Indian Artifacts Found in the Florida Panhandle
- The earliest Indians in America, Paleoindians, lived and hunted in the Florida Panhandle 12,000 years ago. Paleoindians hunted the now extinct mammoth as evidenced by the artifacts that have been found proving the Paleoindians used the mammoth's ivory to make weapons. An ivory spear point was found in Florida that is identical to one found in New Mexico. Many fossil artifacts found in the Florida Panhandle further show that the Paleoindians were contemporaries of now extinct animals of the Ice Age -- Pleistocene animals.

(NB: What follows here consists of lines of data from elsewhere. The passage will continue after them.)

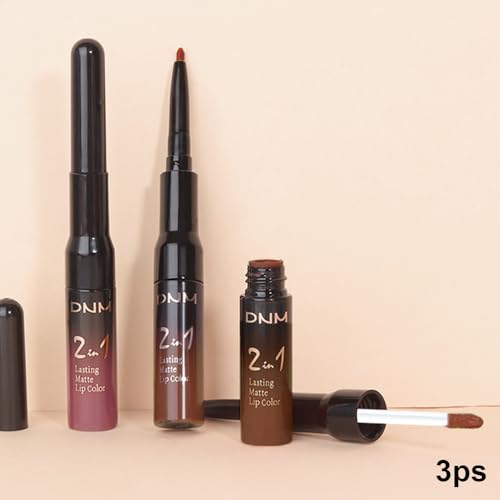 3-Piece 2-in-1 Matte Lip Liner & Liquid Lipstick Set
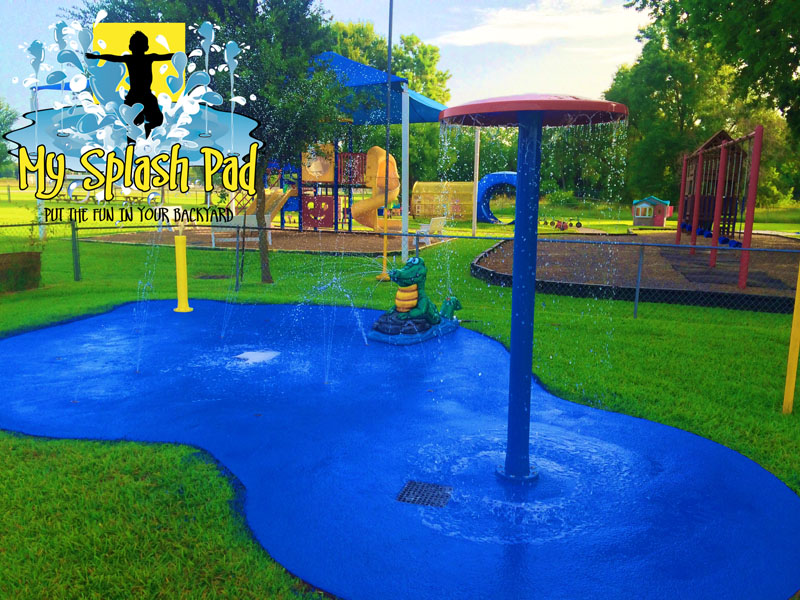 My Splash Pad Water Play area splashpad pads spray ground fountain daycare Houston Texas TX installer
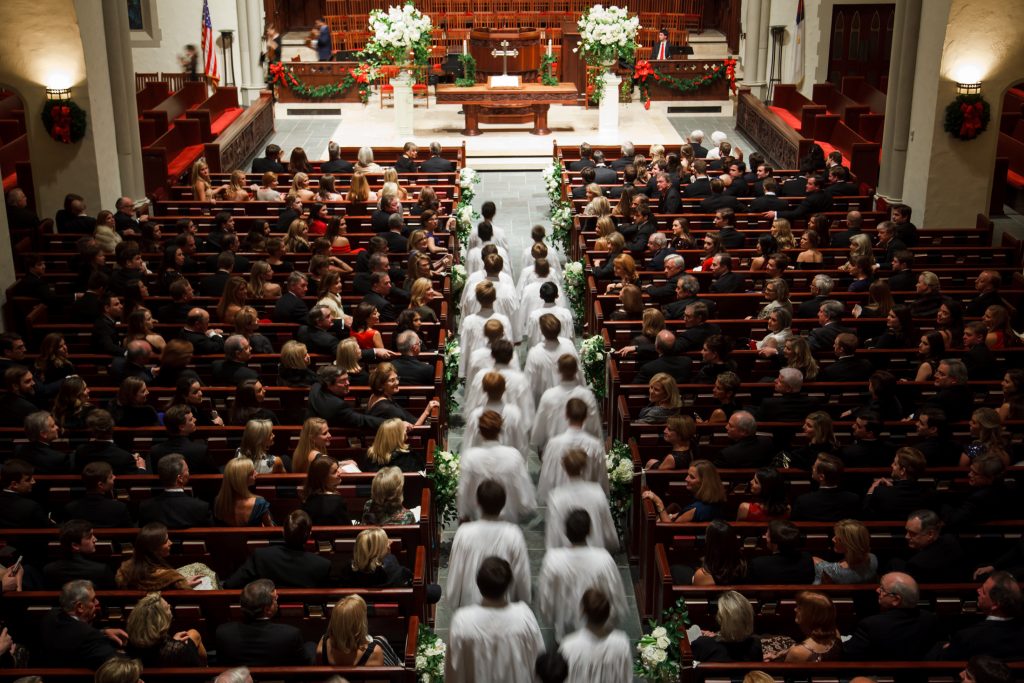 The Texas Boys Choir enters Highland Park United Methodist Church 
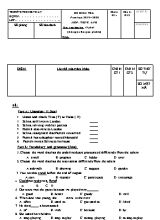 Đề kiểm tra 45 phút môn Tiếng Anh Lớp 8 - Năm học 2019-2020 - Trường THCS Bình An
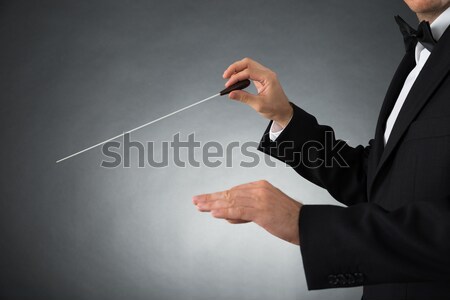Stock photo: Person Offering Handshake To Businessman With Arm Crossed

- Tools and butchered animal bones left by the Paleoindians are found constantly in river bottoms and sinkholes in the Florida Panhandle. Among the artifacts is the skull of a large bison antiquus, which is now extinct. Through the Aucilla River Prehistory Project, almost 40 sites have been discovered in a short stretch of the Aucilla River. Paleoindians often camped in areas where limestone contraptions kept water during arid seasons. Throughout Florida there is evidence of these ancient Indians' activities around limestone-bottomed rivers. Artifacts and ancient debris found in such areas has revealed what the Paleoindians' lives were like.
- The Indian Temple Mound in Fort Walton Beach is part of a museum that tells a lot about the Indians that occupied Florida's Panhandle between 800 and 1400. The Indian Temple Mound was a religious and political center during this time and is the only structure of its kind built along the Gulf Coast, according to the City of Fort Walton Beach Heritage Park & Cultural Center. Designated a National Historic Landmark, the mound is estimated to have taken 200,000 baskets of earth to create. It stands 12 feet tall and is 223 feet across. The temple was deserted in the 1500s.
- More than 10,000 stone, clay, bone and shell artifacts of these Indians have been discovered; more that 6,000 are on display at the City of Fort Walton Beach Heritage Park & Cultural Center museums. All of the artifacts were found within a 40-mile radius of the city of Fort Walton Beach. The most important artifacts are a ware human effigy urn, crafted between the years 600 and 800, and a buck burial mound urn, crafted between 600 and 900. Both are representative of the Weeden Island culture.